Input data
_ _ _ _ _ _ _

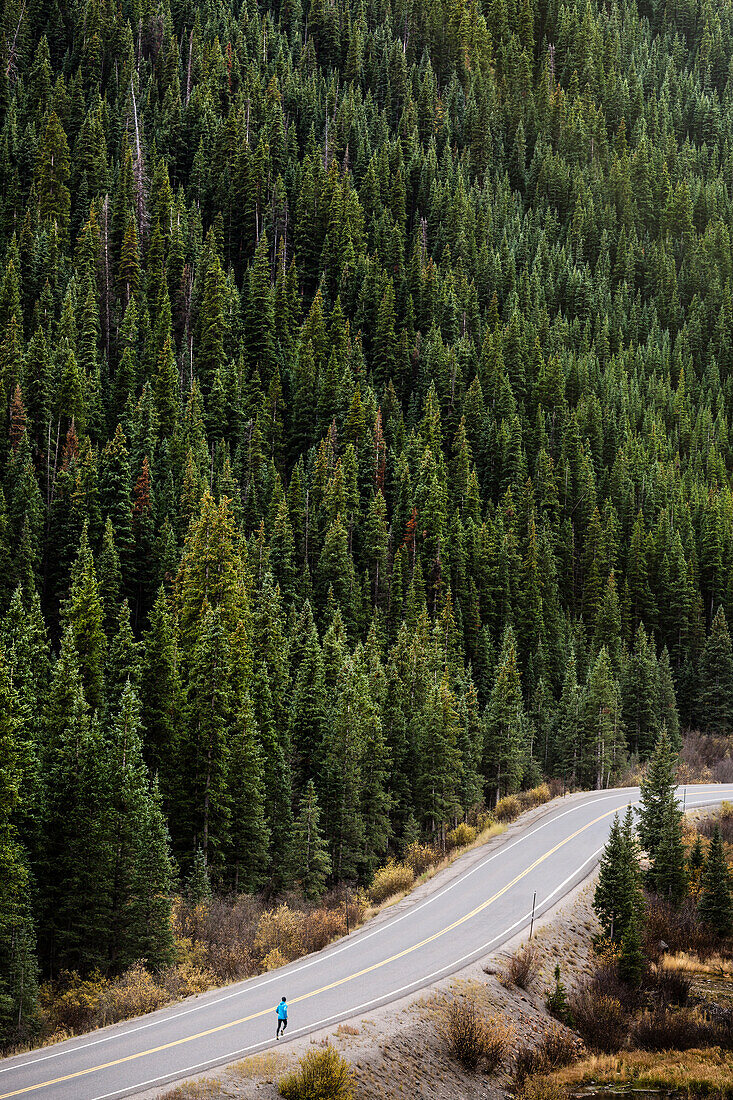 Forest along country road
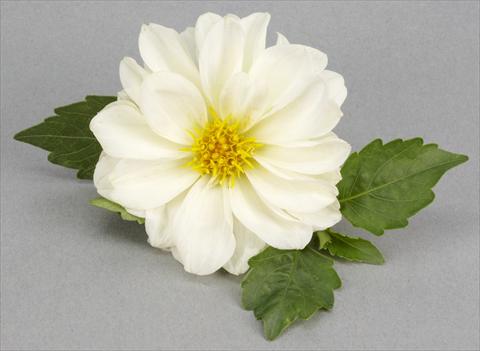 photo of flower to be used as: Pot, bedding, patio Dahlia Decoretta White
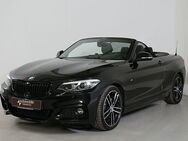 BMW 230, i Cabrio M Sport H&K el S, Jahr 2020 - Paderborn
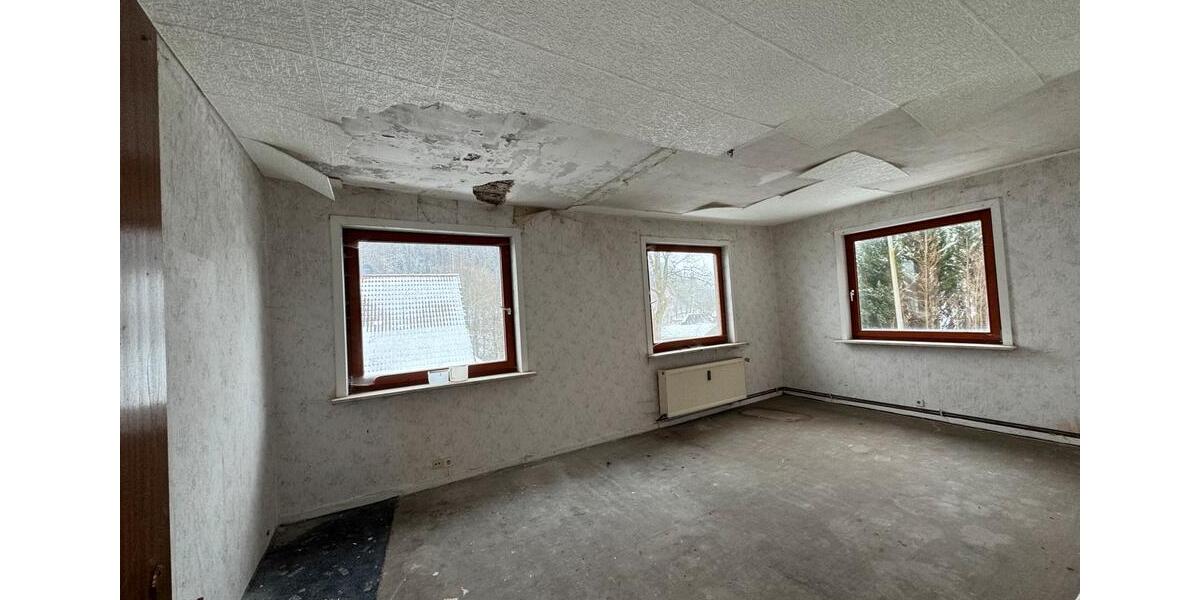 Mehrfamilienhaus, Wohnhaus Harz (LK Goslar) Bergstadt Altenau-Schulenberg i.O. - 18 Zimmer, 555 m&sup2;, 666&euro; | Angebot:22037152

_ _ _ _ _ _ _

What the task requires
Reproduce all of the data exactly, omitting each picture it holds.

Expected answer
 Forest along country road
 photo of flower to be used as: Pot, bedding, patio Dahlia Decoretta White
 BMW 230, i Cabrio M Sport H&K el S, Jahr 2020 - Paderborn
 Mehrfamilienhaus, Wohnhaus Harz (LK Goslar) Bergstadt Altenau-Schulenberg i.O. - 18 Zimmer, 555 m&sup2;, 666&euro; | Angebot:22037152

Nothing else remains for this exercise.